Effects of danofloxacin or consecutive fluoroquinolone and macrolide treatments on resistance development in Campylobacter have remained uncharacterised. Therefore we analysed the development of resistance in porcine Campylobacter coli before and after danofloxacin and tylosin treatments at a farrowing farm. Danofloxacin-treated (n=12, group A) and control pigs (n=15, group B) were subsequently treated with tylosin and sampled longitudinally. C. coli were isolated and susceptibilities to ciprofloxacin and erythromycin were assessed, isolates were genotyped with PFGE and resistance-related mutations were identified. Isolates from the danofloxacin-treated pigs had more frequently non-wild type MICs (above the epidemiological cut-off value (ECOFF)) for ciprofloxacin (P<0.001) and erythromycin (P<0.05) than those isolated before danofloxacin or those from the controls. Subsequent tylosin treatment increased proportion of isolates with non-wild type MICs for erythromycin in both groups A and B (P<0.01) and, interestingly, proportion of isolates with non-wild type MICs for ciprofloxacin in group B (P<0.001) with high MICs (128 µg/ml). PFGE analysis revealed treatments selecting predominant genotypes with variable resistance patterns and decreasing initial diversity of genotypes. The most common genotype had mainly high MICs for ciprofloxacin among danofloxacin-treated pigs but wild type MICs (below the ECOFF) among the controls housed in the same pens. This suggests that the non-wild type isolate was rarely transmitted or outcompeting wild type genotype in the control pigs without selection pressure. Isolates exhibiting non-wild type MICs for ciprofloxacin harboured the C257T (Thr-86-Ile) mutation in the gyrA gene. In conclusion, a high dose of danofloxacin used at the farm did not prevent emergence of isolates with high MICs for ciprofloxacin. After subsequent tylosin treatment isolates had even higher MICs for ciprofloxacin and erythromycin than before the treatment. Therefore, controlled use of antimicrobials in food animal production is essential.

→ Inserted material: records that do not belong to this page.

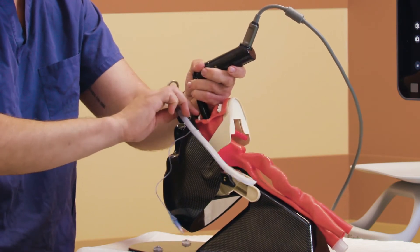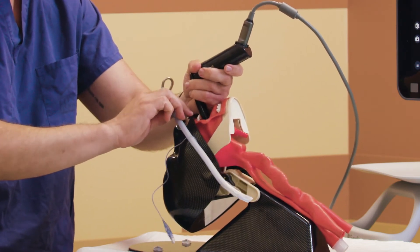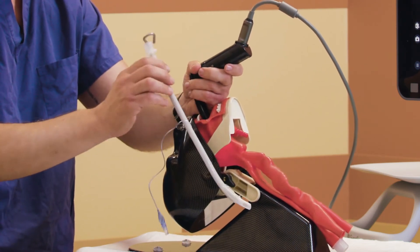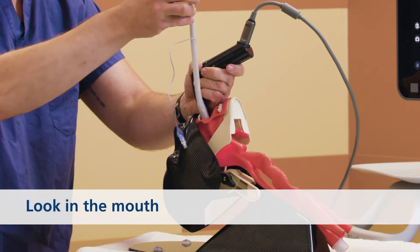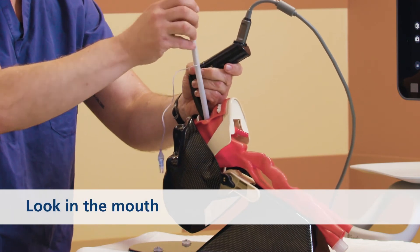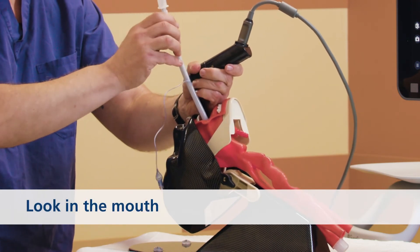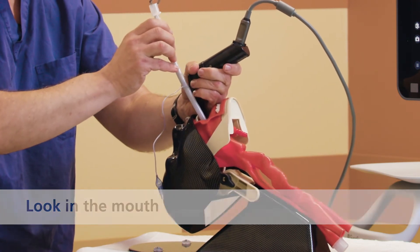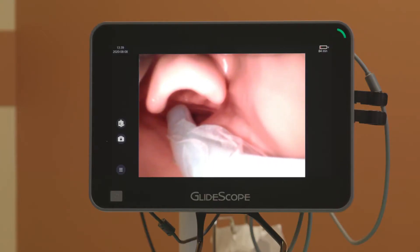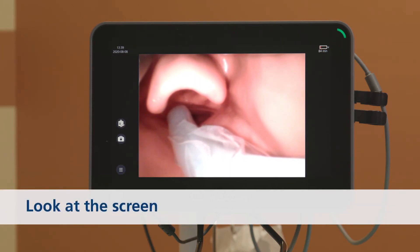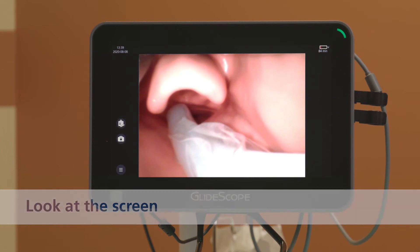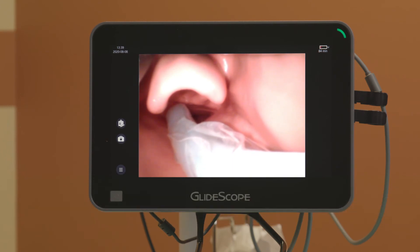If you pivot this centrally, you're going to hit the central dental arch, so we don't want to do that. We're introducing the tube and I come up from below the line of sight, and on the video monitor this is one of the terrific advantages of using a Macintosh video blade — you get to see, compared to direct laryngoscopy, you get to see tube placement much better.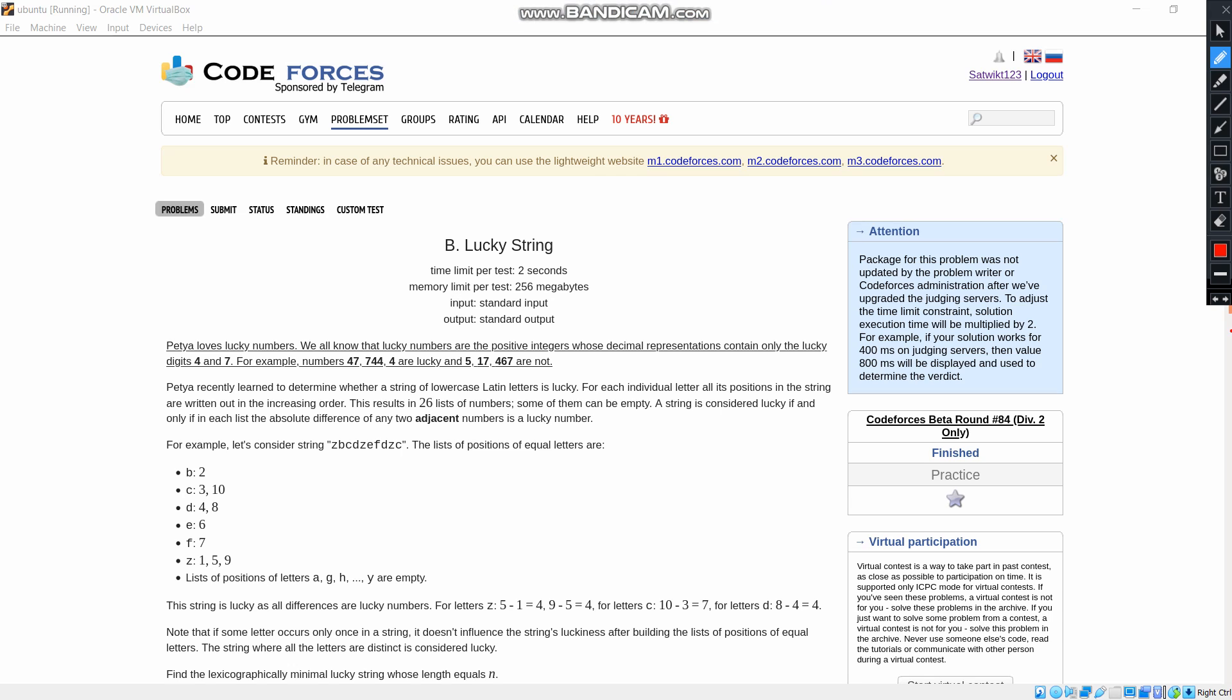Hi friends, I am Sathvik Thangud. Today I am going to discuss a problem in CodeForces and the problem is 110B named as Lucky String.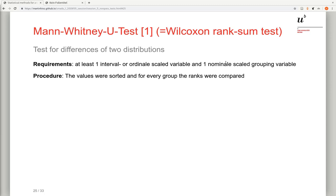The idea behind that test is the values of this variable are sorted according to their ranks and then for every group the ranks are compared. I would like to show you how this is done in the background and later on we will see shortly how this is done in R.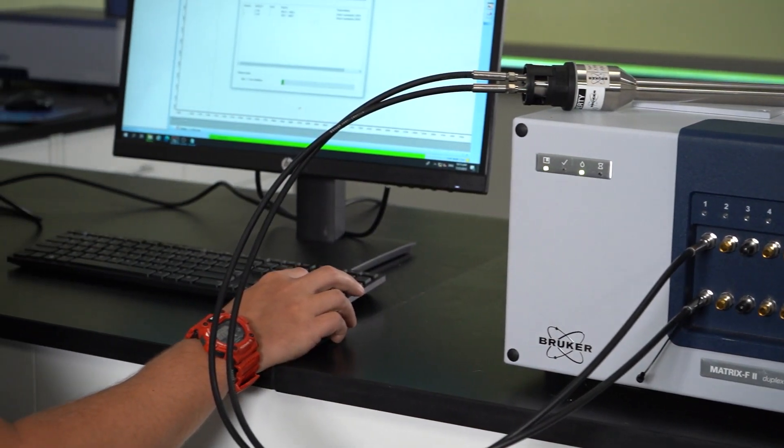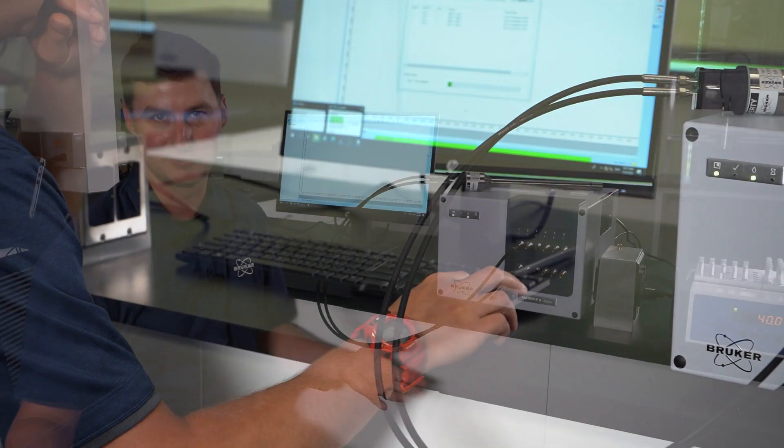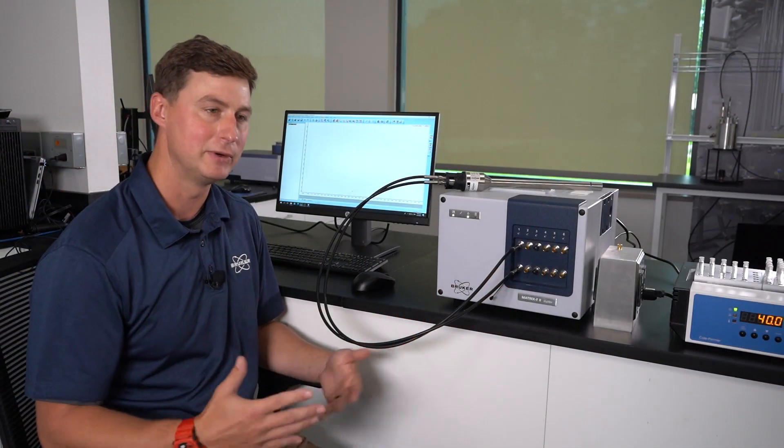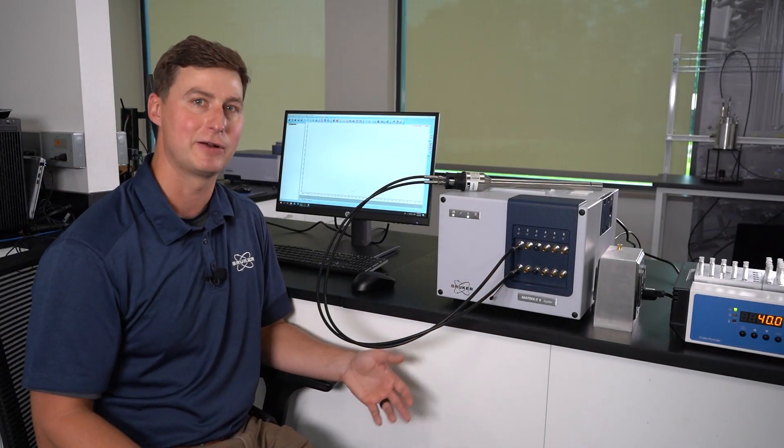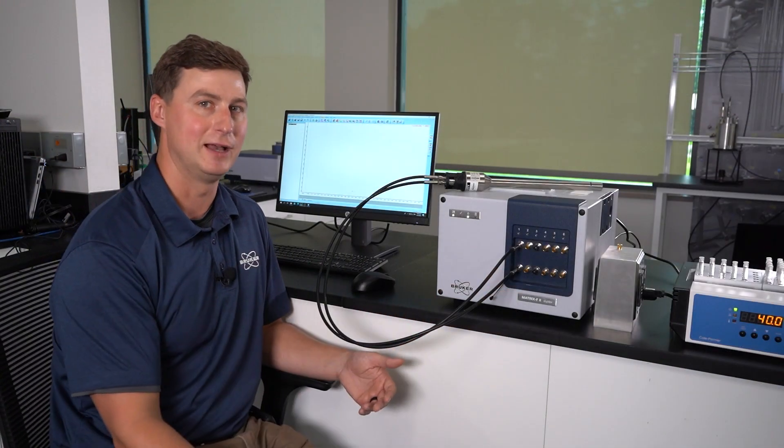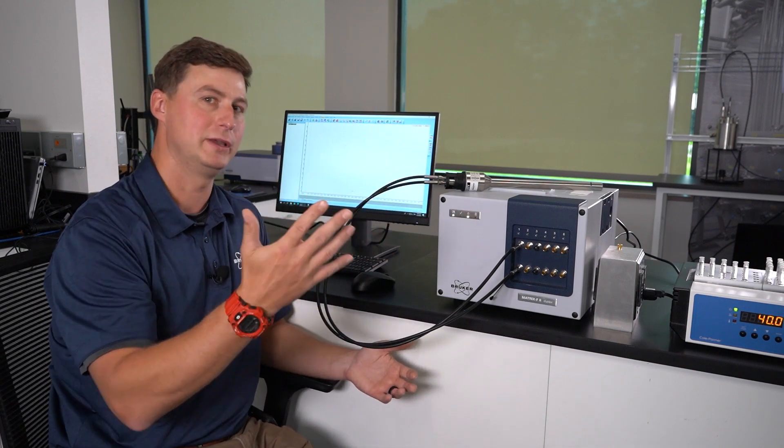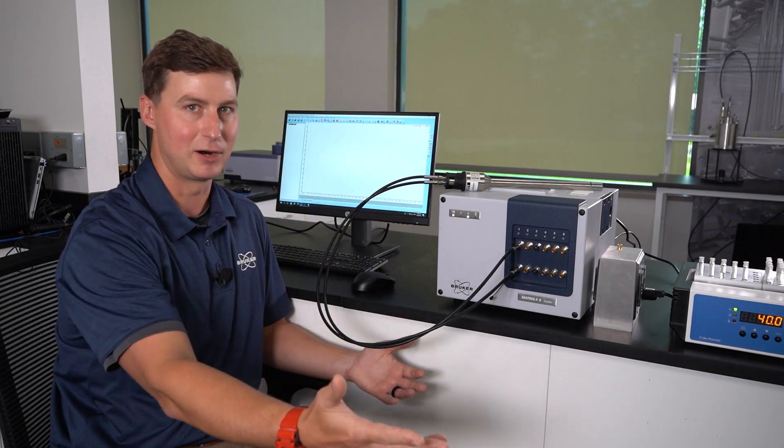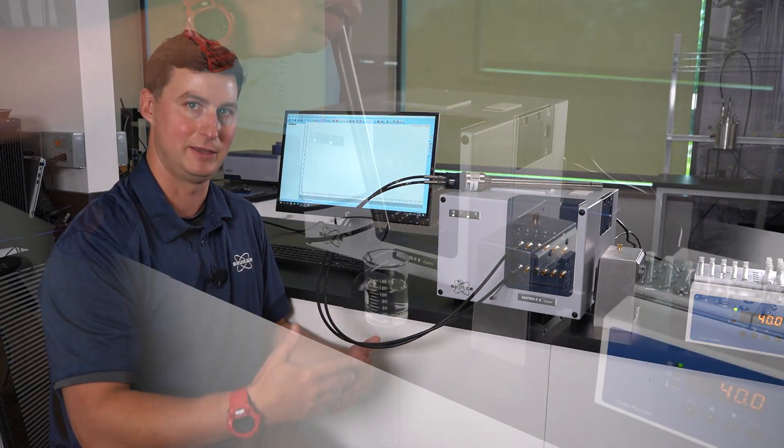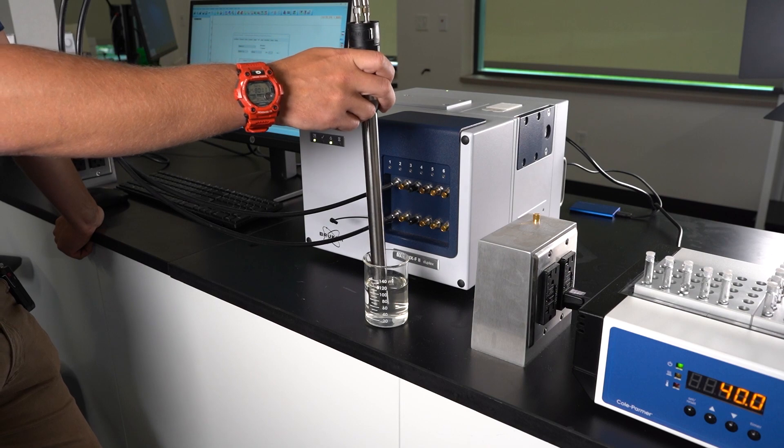Then the question becomes: what does the transfer look like? Really it's just a matter of collecting data from your inline system. So we take a probe, we put it in a process—in a pipe, in a reaction vessel.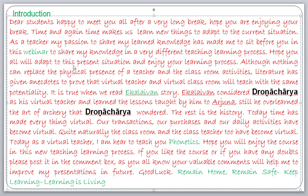Good morning, students. Happy to meet you all after a very long break. Hope you are enjoying your break time. Again, time makes us learn new things and adapt to the current situation. As a teacher, my passion to share my learned knowledge has made me sit before you in this webinar. Hope you all adapt to this present situation and enjoy your learning process.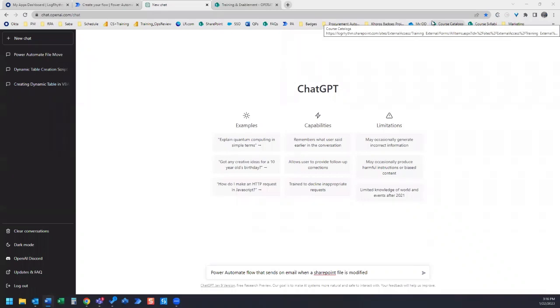In this video, we are going to ask ChatGPT how to set up a Power Automate flow that will send us an email anytime a SharePoint file is modified.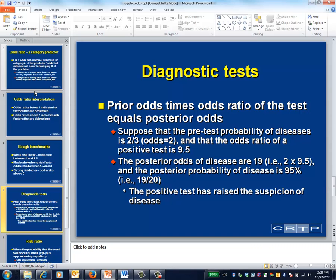The posterior odds of disease — that is, the odds after obtaining the positive test — are 19 to 1, which is equivalent, using a formula from a previous slide, to a probability of disease of 95%. The positive test has increased your suspicion of disease markedly. A similar calculation is made for negative tests, which will tend to reduce your suspicion of disease.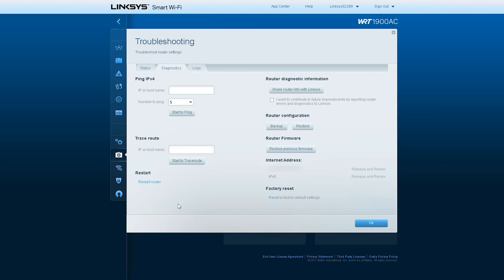Then there is the Firmware option. From here, we can perform the tasks related to the router's firmware. Then there is the Internet Address, that is, the address through which you can access the router remotely.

Mutations in the rpsL gene are involved in streptomycin resistance in Campylobacter coli.

To characterize the mechanisms of streptomycin (STR) resistance in Campylobacter coli, we chose 17 isolates that were resistant to STR, erythromycin (ERY), or both, and the putative STR resistance target genes rpsL, rrs, and gidB were analyzed for mutations. The presence of the aadE gene encoding aminoglycoside 6-adenylyltransferase was also evaluated. To reveal putative connection between ERY and STR resistance mechanisms, 13 C. coli isolates initially susceptible to STR and ERY were exposed to STR, and resistant variants were characterized. We also assessed the development of ERY resistance with a similar method. Finally, the effect of the putative CmeABC efflux pump inhibitor phenyl-arginine-beta-naphthylamine on STR resistance was tested. Our studies showed an association between mutations in the rpsL gene and STR resistance in C. coli. Further, mutations obtained in vitro were more diverse than those occurring in vivo. However, we observed no resistance associated mutations in the other genes studied, and selection with STR did not result in variants resistant to ERY and vice versa. None of the isolates harbored the aadE gene, and no differences in STR minimum inhibitory concentration levels were detected in the presence or absence of phenyl-arginine-beta-naphthylamine. In conclusion, we found that STR resistance was associated with mutations in the rpsL gene, but no obvious association between STR and ERY resistance mechanisms was found in C. coli.